Más que un simple instrumento, el piano ha sido durante siglos un símbolo de sofisticación, creatividad y poder cultural. Desde los grandes salones de palacios reales hasta los escenarios de las principales salas de concierto, su presencia ha definido épocas enteras de la música. En la alta sociedad europea, dominar el piano era considerado un signo de educación y refinamiento, mientras que en las cortes reales acompañaba ceremonias, bailes y encuentros diplomáticos.
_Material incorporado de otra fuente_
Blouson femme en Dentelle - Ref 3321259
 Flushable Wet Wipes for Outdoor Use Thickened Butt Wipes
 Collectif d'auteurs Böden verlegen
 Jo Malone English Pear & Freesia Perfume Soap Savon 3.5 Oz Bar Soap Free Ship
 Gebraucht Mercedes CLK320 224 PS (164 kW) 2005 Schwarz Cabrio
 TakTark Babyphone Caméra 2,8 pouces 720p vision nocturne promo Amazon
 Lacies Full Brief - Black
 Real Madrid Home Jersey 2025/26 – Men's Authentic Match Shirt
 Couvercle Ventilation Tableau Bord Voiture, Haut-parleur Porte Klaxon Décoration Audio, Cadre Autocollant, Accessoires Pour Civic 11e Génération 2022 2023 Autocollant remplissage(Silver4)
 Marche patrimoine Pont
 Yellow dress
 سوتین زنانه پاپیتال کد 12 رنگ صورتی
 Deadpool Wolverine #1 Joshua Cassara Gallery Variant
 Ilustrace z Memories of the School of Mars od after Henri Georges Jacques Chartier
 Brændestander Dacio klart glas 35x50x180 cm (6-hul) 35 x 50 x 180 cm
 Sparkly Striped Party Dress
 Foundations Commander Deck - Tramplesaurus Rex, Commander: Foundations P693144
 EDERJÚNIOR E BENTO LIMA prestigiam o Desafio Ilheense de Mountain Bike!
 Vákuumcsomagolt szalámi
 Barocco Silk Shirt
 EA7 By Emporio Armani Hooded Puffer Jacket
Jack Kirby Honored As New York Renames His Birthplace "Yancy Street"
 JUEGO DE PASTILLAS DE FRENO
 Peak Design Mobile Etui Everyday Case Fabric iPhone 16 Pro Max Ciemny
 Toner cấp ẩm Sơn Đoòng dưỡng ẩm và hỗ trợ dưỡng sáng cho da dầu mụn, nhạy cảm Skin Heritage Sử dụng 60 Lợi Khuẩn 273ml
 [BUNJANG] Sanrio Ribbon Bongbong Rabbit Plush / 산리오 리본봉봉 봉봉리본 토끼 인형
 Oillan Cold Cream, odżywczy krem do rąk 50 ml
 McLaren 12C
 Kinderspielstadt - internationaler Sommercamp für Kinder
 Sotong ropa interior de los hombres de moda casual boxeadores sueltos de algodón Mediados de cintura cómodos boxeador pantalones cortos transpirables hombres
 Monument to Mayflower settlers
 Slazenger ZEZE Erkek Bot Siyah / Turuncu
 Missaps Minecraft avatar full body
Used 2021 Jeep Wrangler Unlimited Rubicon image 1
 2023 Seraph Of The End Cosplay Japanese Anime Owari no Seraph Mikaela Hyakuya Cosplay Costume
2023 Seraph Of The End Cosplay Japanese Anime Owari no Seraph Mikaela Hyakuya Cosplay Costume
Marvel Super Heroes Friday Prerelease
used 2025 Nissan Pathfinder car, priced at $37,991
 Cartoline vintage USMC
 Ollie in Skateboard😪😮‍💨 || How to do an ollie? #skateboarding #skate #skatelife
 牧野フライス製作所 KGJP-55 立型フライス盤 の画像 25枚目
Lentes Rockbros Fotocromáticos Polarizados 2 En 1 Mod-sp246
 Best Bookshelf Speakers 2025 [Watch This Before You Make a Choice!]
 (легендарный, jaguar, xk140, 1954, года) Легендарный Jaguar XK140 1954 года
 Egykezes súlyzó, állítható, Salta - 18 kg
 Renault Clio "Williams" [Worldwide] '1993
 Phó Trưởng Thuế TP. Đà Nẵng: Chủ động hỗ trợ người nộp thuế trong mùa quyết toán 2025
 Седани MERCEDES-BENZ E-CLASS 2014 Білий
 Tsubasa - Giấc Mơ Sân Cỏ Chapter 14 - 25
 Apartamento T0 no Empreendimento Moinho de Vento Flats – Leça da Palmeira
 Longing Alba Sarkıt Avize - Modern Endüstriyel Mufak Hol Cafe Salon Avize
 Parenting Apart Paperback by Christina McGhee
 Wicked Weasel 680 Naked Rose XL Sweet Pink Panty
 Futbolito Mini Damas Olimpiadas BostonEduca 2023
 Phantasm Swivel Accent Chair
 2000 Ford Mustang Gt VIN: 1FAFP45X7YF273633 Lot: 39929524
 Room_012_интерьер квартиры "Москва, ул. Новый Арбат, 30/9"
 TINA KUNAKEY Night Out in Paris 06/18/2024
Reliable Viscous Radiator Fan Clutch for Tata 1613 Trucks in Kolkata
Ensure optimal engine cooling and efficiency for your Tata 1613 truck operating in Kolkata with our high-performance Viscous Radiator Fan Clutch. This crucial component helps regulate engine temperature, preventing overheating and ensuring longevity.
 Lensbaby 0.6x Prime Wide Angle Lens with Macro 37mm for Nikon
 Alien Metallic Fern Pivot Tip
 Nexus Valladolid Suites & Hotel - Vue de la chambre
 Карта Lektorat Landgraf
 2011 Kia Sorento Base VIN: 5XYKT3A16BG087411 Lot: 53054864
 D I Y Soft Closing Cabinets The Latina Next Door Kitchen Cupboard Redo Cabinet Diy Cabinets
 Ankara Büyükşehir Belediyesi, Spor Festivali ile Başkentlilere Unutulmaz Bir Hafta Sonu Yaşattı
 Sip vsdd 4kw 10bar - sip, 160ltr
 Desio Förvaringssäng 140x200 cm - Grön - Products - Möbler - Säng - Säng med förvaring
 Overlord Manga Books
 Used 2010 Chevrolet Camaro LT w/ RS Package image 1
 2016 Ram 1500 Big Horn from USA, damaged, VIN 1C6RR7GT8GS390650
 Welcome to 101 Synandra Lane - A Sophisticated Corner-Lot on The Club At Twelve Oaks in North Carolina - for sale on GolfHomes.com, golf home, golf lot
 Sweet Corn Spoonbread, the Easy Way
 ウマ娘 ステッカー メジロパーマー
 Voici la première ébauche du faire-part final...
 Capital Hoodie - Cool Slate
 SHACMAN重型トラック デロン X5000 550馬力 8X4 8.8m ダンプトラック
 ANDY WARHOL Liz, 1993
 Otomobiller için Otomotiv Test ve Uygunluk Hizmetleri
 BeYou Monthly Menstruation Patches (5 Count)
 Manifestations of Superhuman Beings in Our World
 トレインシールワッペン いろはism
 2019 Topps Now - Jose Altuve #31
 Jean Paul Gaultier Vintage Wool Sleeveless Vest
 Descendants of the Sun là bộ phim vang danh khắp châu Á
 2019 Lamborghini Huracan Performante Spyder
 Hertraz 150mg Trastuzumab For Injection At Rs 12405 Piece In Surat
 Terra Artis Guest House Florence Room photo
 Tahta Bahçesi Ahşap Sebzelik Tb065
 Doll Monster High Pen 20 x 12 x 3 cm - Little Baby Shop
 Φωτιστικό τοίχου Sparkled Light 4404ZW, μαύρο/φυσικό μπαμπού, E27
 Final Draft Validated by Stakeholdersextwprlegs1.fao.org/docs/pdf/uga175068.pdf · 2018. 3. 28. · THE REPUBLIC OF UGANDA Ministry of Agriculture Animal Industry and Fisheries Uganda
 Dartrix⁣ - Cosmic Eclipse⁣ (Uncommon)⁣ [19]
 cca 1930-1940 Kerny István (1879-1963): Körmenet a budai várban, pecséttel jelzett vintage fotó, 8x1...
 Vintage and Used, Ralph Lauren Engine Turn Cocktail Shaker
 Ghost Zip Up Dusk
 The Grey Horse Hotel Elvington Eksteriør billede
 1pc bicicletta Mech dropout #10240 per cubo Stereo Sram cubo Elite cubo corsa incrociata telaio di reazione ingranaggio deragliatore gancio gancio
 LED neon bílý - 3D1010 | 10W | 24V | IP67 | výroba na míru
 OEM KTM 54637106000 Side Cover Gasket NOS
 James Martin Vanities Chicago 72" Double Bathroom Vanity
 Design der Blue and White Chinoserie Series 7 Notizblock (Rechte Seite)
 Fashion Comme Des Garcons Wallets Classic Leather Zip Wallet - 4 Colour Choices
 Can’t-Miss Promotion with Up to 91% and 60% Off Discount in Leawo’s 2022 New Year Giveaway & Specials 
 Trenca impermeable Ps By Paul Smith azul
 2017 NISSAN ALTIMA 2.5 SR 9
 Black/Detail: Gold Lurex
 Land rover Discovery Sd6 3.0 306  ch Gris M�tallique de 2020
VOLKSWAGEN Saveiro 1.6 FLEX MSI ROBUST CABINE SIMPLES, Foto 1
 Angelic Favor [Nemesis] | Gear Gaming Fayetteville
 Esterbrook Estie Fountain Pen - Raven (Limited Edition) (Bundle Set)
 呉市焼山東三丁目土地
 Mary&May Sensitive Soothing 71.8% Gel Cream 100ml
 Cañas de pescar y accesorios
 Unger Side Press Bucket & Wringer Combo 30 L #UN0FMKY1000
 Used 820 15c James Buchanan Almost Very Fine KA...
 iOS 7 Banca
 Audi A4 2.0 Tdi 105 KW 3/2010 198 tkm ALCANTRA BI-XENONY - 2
Su versatilidad lo distingue dentro de las orquestas y como instrumento solista. Capaz de interpretar melodía, armonía y ritmo al mismo tiempo, el piano se convirtió en una pieza central y relevante, tanto en composiciones clásicas como en géneros modernos. Su evolución permitió ampliar los límites de la música, dando lugar a nuevas formas de composición y expresión.
Este domingo 29, el Día Mundial del Piano no solo celebra su legado histórico, sino también su vigencia. Es una invitación a redescubrir su sonido, acercarlo a nuevas generaciones y recordar que, más allá de su prestigio, sigue siendo un puente accesible entre las personas y la música.
En un mundo cada vez más digital, el piano conserva intacto su valor: un instrumento que, con solo presionar una tecla, puede atravesar siglos de historia y emoción.